Marco und Gian-Luzi sind wieder mal bei Frieda am Stammtisch. Auch Wildmannli ist da. So irgendwie.

 

Gian-Luzi: Ist ja schon verrückt. Da schreibt einer im Tages-Anzeiger einen Artikel über uns arme Bündner, und schon zappeln alle auf ihren Stühlen herum.

Marco: Als ob die Züzis wüssten, was wir brauchen.

Gian-Luzi: Geschrieben hat das aber kein Zürcher, sondern einer, der von der «Südostschweiz» ausgebildet wurde. Das haben sie selbst gesagt.

Marco: Wundert mich nicht.

Gian-Luzi: Was? Dass dieser negative Schmarrn aus der Feder eines Ex-SOlers kam oder dass sie sich mit der Resonanz eines Artikels eines ehemaligen Mitarbeiters brüstet? Wie auch immer, recht hat er ja schon irgendwie.

Marco: Das sag ich ja schon lange. Wir sind am Arsch. Alles, was bisher funktionierte, der Tourismus, die Wasserkraft, das Klima, alles ist aus den Fugen geraten. Noch sitzen wir auf einem Sack Geld, aber wenn unsere Regierung noch mehr Monopoly spielt und so grandiose Deals wie bei Repower einfädelt, dann heissts für uns schon bald wieder «Heuballen buckeln».

Gian-Luzi: Ach, darüber haben wir doch schon letztes Mal geplaudert. Das siehst du zu negativ. Unsere Regierung schaukelt das schon.

Marco: Bist du sicher? Mal schauen, ob sie nicht auch noch das Bistum nach Zürich verlieren. Damit hätte unsere Regierung dann etwas geschafft, was Jahrhunderte niemandem gelungen ist. So, wie ihnen der Grosse Rat zurzeit auf die Finger klopft, sind die meisten unserer Regierungsräte jedenfalls voll damit beschäftigt, sich durchzuwinden und ihre Amtszeit rumzubringen. Ist eine Durchhalteübung. Und am Ende wartet dann ein fetter Renten-Scheck.
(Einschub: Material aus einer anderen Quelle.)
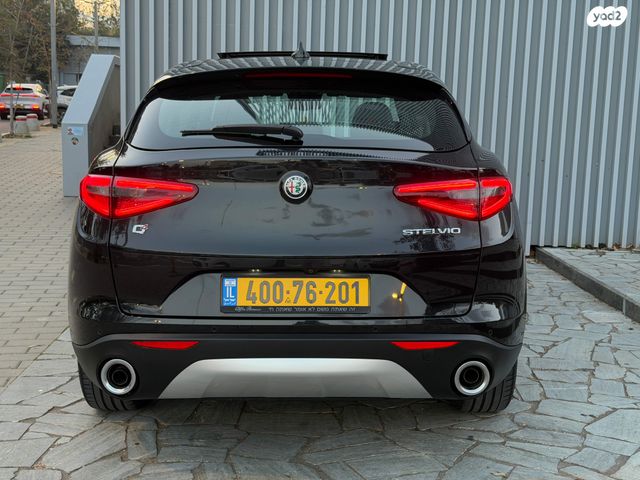 אלפא רומיאו סטלביו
Gian-Luzi: Das ist wie bei Scratch in Ice Age: Irgendwann wird er die verdammte goldene Nuss endlich haben. Auf dem Weg dahin hat er so ziemlich alles in Schutt und Asche gelegt, aber egal. Mühe gibt er sich ja. Und kritisiert wird eh nur hintenrum.
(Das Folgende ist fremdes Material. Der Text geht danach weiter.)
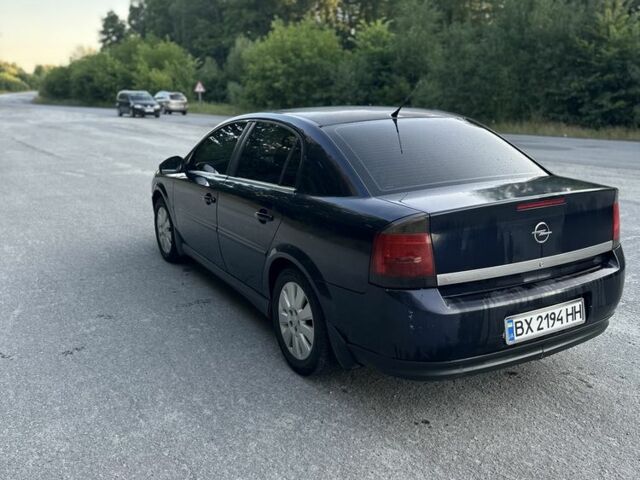 Синий Опель Вектра, объемом двигателя 2.2 л и пробегом 250 тыс. км за 3597 $, фото 2 на Automoto.ua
Marco: Wenn wenigstens die Zeitungen die Eier hätten, die Dinge beim Namen zu nennen. Aber wer sägt denn schon am Ast, auf dem er sitzt? Das nennt man dann wohl Imageproblem!
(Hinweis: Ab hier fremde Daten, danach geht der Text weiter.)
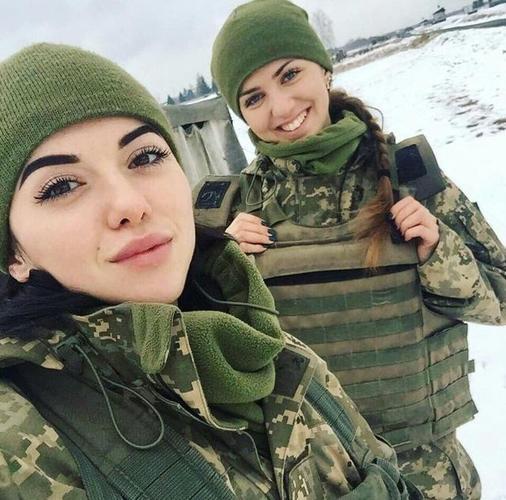 乌克兰女兵性感迷人回归社会成剩女军营女汉子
Gian-Luzi: Irgendwo hab ich gelesen, dass der Bund letztes Jahr über 80 Millionen Franken für PR-Beratungen ausgegeben hat. Vielleicht wär das auch was für Graubünden, solange wir noch Geld haben. Wart, ich hab’s auf dem Handy.

Marco: Was hast du auf dem Handy? Warum hast du das auf dem Handy?

Gian-Luzi: So mach ich’s immer. Beim Zmittag in der Beiz blättere ich kurz durch die Zeitungen und fotografiere die Artikel, die mich interessieren. Und lesen tu ich sie dann später, oder auch nicht. Hier, da ist er. Lies mal.

Marco: Vielleicht müsste Graubünden solche PR-Profis einstellen.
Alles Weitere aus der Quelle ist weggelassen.